I teach in an undergraduate engineering college. This has given me exposure to the in’s and out’s of the education system, which otherwise would have been only a single dimesnsional opinion as a student. Not specific about the place where I teach (this place is in some ways better than the average of the whole system).
Although the problems I am going to mention are fundamentally structural, I would hold the students equally responsible for not having the vision or conviction to work towards changing the process, of which they are the engines and fuel.
The reality of most of the students, teachers, because the framework of the education system is also ‘marks driven’, seems highly contorted. Marks based evaluation, and marks for regurtitation and not for recognising ingenuity in thinking is the fundamental context of recognising the grades of students.
Formal classroom learning, without even a bit of thinking about the pros and cons of the ideas being professed, both at the teacher and the student’s level is acting the primary deterrent in this pseudo learning-pseudo evaluation system.
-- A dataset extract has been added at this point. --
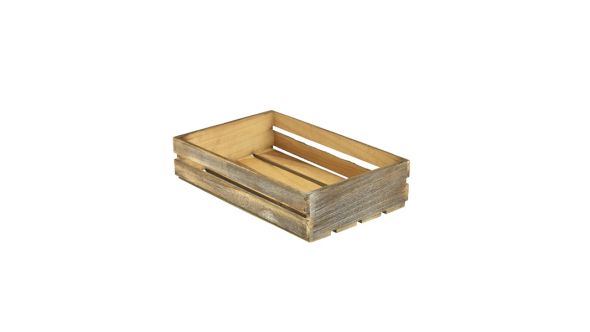 Wooden Crate Dark Rustic Finish 35 x 23 x 8cm - Genware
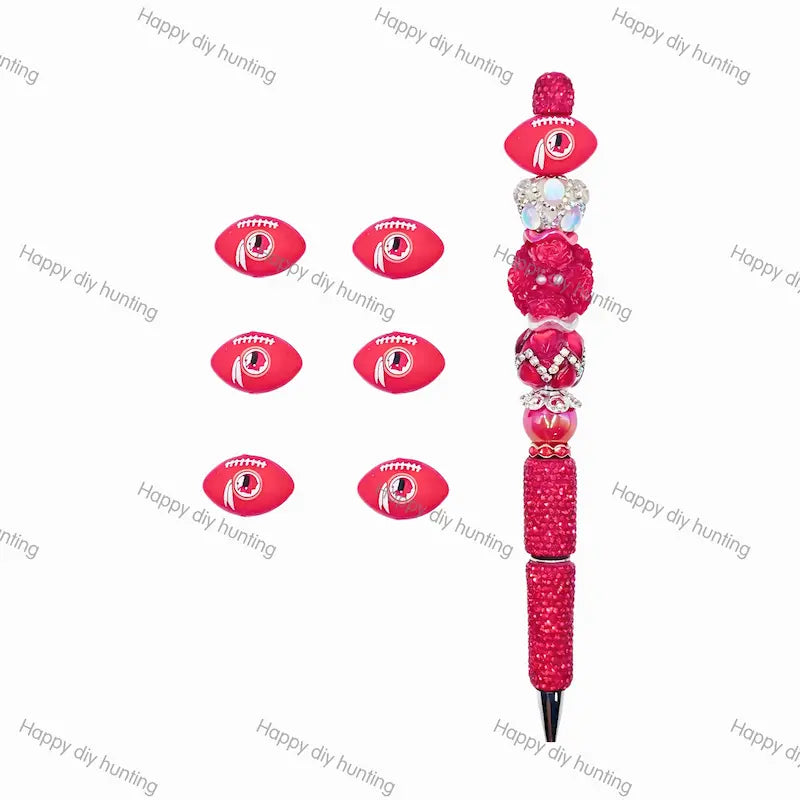 Washington Commanders Silicone Focal Beads, Wholesale Silicone Focal Beads for Pens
The marks, while firstly do not correctly reflect the comprehension of the students, and never attempt to test the ability of them to improvise these ideas are treated almost with a holy status by the students, and the whole trade of marks is an unfortunate draining of human resource.
Questions and answers, not real life problems and solutions are being projected as the reality of learning a course. With such a fundamental flaw, how can one expect students to learn anything at all, in the true sense?
Incentive is not learning
And when, some students or teachers do realise the flaws and lacunae due to the psuedo learning, and try to stretch themselves to some extent all they find themselves to be is a small minority who have to put enormous amount of effort, because the majority is sedating dormantly on the opposite side.
Out of the box thinking, activity based learning, unstructured solutions are all tabooed and booed. There is no impetus to encourage these trends of improving the stagnation, but only discouraged harshly. The true incentive is not learning, but scoring marks, which almost in a mythical manner is necessary so that it would help the students get to a decent overall average, so that they can apply for an IT job!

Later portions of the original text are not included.